==== EXERCISE MATERIAL ====

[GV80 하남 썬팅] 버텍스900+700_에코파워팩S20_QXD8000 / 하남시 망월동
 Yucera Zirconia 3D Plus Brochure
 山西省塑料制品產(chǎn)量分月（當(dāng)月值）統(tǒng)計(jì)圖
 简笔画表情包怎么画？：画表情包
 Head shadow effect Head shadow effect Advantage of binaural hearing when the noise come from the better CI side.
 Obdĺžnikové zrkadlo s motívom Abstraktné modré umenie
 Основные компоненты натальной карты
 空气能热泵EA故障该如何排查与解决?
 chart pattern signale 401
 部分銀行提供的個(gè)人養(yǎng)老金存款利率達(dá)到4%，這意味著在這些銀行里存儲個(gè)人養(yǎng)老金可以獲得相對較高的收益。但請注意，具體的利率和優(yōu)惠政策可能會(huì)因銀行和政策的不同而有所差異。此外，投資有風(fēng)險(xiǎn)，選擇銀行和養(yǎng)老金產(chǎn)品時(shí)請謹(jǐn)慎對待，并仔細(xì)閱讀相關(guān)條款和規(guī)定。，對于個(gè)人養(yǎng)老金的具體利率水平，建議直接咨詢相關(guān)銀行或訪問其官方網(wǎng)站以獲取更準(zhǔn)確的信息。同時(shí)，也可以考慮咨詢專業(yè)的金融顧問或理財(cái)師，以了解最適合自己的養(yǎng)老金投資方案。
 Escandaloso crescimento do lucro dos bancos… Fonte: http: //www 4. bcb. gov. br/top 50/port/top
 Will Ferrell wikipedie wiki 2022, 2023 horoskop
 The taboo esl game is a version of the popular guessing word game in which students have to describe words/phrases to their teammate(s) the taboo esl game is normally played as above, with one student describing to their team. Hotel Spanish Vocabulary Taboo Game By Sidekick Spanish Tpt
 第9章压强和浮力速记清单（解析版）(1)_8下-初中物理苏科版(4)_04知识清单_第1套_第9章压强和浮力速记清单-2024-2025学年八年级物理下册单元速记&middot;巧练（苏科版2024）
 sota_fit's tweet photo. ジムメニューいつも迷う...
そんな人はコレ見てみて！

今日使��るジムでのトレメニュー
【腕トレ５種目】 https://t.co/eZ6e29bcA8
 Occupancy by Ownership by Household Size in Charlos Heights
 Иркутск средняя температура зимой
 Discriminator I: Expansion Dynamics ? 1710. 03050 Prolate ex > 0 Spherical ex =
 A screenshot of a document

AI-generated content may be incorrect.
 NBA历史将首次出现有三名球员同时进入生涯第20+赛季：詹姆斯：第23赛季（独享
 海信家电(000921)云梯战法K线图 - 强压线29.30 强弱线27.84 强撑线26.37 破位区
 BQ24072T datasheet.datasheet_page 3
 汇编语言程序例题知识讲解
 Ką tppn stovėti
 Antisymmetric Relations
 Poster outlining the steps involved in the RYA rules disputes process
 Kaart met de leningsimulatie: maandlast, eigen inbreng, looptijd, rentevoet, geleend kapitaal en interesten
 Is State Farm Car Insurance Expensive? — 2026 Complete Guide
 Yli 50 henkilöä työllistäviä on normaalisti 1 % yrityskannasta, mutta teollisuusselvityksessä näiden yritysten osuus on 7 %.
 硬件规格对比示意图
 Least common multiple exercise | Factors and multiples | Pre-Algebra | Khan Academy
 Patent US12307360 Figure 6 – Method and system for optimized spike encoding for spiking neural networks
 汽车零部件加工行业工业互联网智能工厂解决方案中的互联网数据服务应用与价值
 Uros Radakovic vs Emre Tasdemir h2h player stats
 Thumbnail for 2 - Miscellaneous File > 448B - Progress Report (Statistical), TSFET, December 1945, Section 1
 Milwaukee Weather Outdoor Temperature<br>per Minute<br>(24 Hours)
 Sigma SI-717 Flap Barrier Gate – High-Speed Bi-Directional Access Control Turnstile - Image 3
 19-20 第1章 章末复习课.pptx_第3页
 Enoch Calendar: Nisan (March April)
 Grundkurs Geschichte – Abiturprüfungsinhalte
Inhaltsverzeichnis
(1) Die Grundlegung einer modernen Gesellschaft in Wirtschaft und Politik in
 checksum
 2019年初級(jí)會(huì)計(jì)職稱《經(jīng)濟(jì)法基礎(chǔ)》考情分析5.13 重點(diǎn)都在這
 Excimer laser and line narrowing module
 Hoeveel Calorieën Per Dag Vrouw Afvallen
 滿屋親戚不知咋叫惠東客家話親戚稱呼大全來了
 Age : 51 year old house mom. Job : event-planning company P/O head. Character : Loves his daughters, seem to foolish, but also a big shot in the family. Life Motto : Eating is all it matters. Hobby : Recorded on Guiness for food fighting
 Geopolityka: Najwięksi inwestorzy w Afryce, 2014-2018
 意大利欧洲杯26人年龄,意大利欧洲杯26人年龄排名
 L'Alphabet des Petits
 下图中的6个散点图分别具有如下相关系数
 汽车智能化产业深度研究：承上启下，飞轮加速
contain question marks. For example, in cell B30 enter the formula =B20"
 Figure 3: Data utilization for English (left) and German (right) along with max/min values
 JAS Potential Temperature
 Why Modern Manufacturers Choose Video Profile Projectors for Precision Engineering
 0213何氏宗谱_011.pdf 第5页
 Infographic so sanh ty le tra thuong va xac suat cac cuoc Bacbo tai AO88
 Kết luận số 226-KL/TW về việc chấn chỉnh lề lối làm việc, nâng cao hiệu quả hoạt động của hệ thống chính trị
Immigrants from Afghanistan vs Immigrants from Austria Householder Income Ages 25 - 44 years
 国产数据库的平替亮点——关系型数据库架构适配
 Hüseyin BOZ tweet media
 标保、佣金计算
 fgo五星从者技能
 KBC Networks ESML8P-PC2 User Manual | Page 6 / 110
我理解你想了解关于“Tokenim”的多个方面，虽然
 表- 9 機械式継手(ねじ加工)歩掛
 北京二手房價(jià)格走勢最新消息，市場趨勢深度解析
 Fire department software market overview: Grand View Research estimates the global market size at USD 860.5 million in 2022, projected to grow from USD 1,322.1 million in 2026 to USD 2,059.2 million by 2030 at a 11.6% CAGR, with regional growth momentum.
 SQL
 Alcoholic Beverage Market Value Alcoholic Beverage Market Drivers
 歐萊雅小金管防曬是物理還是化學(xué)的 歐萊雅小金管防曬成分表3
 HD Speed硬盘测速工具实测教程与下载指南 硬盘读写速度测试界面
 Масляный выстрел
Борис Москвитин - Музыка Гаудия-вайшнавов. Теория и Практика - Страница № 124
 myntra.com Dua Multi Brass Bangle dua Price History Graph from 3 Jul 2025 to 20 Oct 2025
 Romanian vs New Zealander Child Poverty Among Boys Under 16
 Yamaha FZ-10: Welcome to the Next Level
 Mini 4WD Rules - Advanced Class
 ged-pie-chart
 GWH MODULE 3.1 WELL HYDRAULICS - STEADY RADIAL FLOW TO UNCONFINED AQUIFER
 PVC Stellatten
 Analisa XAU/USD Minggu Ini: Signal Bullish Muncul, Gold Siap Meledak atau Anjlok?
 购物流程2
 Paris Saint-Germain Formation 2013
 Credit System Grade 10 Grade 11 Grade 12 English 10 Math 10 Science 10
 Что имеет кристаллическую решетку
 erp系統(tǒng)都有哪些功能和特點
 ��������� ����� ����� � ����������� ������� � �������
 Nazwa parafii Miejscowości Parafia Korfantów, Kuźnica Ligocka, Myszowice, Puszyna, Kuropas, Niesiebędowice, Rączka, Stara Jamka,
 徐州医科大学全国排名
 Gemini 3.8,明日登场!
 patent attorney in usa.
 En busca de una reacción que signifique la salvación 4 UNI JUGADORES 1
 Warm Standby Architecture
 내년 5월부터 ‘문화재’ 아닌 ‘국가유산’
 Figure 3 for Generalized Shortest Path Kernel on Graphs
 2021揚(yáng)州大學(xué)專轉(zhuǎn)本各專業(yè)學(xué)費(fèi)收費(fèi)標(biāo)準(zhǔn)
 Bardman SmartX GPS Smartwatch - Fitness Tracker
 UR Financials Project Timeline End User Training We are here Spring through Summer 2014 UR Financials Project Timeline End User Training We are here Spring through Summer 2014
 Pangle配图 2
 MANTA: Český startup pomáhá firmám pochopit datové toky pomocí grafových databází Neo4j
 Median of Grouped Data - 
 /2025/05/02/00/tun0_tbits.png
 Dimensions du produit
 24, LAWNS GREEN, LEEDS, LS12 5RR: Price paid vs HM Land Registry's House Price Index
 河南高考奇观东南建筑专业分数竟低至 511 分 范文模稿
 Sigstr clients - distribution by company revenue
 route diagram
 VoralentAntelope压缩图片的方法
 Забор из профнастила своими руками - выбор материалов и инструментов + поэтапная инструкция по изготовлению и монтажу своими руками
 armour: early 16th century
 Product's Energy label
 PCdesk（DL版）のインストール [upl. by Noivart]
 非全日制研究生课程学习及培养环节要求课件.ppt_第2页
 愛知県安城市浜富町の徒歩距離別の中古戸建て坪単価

====

● **TASK BRIEF**: Only one stretch of the data above is needed. Restate it word for word, from the line containing "河南高考奇观东南建筑专业分数竟低至 511 分 范文模稿" through the line containing "非全日制研究生课程学习及培养环节要求课件.ppt_第2页", both ends included.

● **OUTPUT OF THE EXERCISE**:
 河南高考奇观东南建筑专业分数竟低至 511 分 范文模稿
 Sigstr clients - distribution by company revenue
 route diagram
 VoralentAntelope压缩图片的方法
 Забор из профнастила своими руками - выбор материалов и инструментов + поэтапная инструкция по изготовлению и монтажу своими руками
 armour: early 16th century
 Product's Energy label
 PCdesk（DL版）のインストール [upl. by Noivart]
 非全日制研究生课程学习及培养环节要求课件.ppt_第2页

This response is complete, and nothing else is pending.